Netflix, Amazon, and Disney privately discuss a possible legal challenge and other ways to stall India’s new tobacco warning rules, amid fears they will need to edit millions of hours of existing web content, as per sources.
Companies often face legal cases and police complaints their content sometimes hurts religious sentiment, and many have self-censor content over the years.
As part of India’s anti-tobacco drive, the health ministry this week order streaming platforms should within three months insert static health warnings during smoking scenes.
India wants at least 50 seconds of anti-tobacco disclaimers, including an audio-visual, at the start and in the middle of each program.
In the first signs of industry distress, executives of the three global streaming companies, and India’s Viacom18 which runs JioCinema app, held a close-door meeting, where Netflix said the rules would hit customer experience and push production houses to block their content in India, as per the two sources familiar with the discussions.
Executives in India also discuss ways of a possible legal challenge to assert that other ministries – IT and information & broadcasting have powers over streaming giants, and not the health ministry, said one of the sources.
Already, all smoking and alcohol-drinking scenes in movies in India’s cinemas and on TV, under the law, require health warnings, but so far there were no regulations for the streaming giants, whose content has become increasingly popular.
In 2013, Woody Allen stop his film, Blue Jasmine, from being screen in India after learning about mandatory anti-tobacco warnings would be insert into its smoking scenes.
Activists have welcome new anti-tobacco rules by India, the world’s second-largest producer of tobacco that kills 1.3 million people each year in India.
India also has stringent cigarette pack warning rules.
Truth Initiative, a public health nonprofit group, in March, said 60% of the 15 most popular streaming shows among 15- to 24-year-olds it analyze contain depictions of tobacco, “effectively exposing 25 million young people to tobacco imagery” in 2021.
But in India, companies from Netflix to Amazon to Disney, also have popular Hindi content which often shows Bollywood actors smoking, something activists say encourages tobacco use.
India is a hot market for streaming giants, and executives fear business impact and higher costs.
JioCinema has just in recent weeks sign multiple content deals with NBCUniversal and Warner Bros, bringing popular shows like ‘Succession‘ and ‘The Office‘ to its platform.
Together, the companies have millions of hours of content.

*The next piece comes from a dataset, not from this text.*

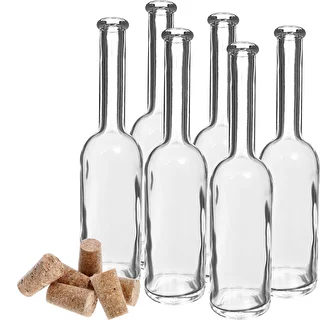 Flaske til likør 100 ml 6 stk. + 6 propper – photo 3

Kaushik Moitra, partner at Bharucha & Partners who advises streaming firms and production houses said :
“New content being created needs to be changed and old content needs to be modified. It could require insertion of ad-type warning in between,”.
During the meeting, Amazon and other companies made the point there was no way films can be edit in three months, said the second source, adding the industry decide to consult lawyers and write letters in protest.
Dylan Mohan Gray, a filmmaker who direct documentaries such as ‘Fire in the Blood‘, said the new Indian rules amount to ‘harassment‘, saying that murder, war, and extremely violent crime scenes were not regulated in the same way.
Dylan Mohan Gray said :
“Smoking, which though certainly a serious public health problem, is both legal and a massive source of government revenue in this country,”.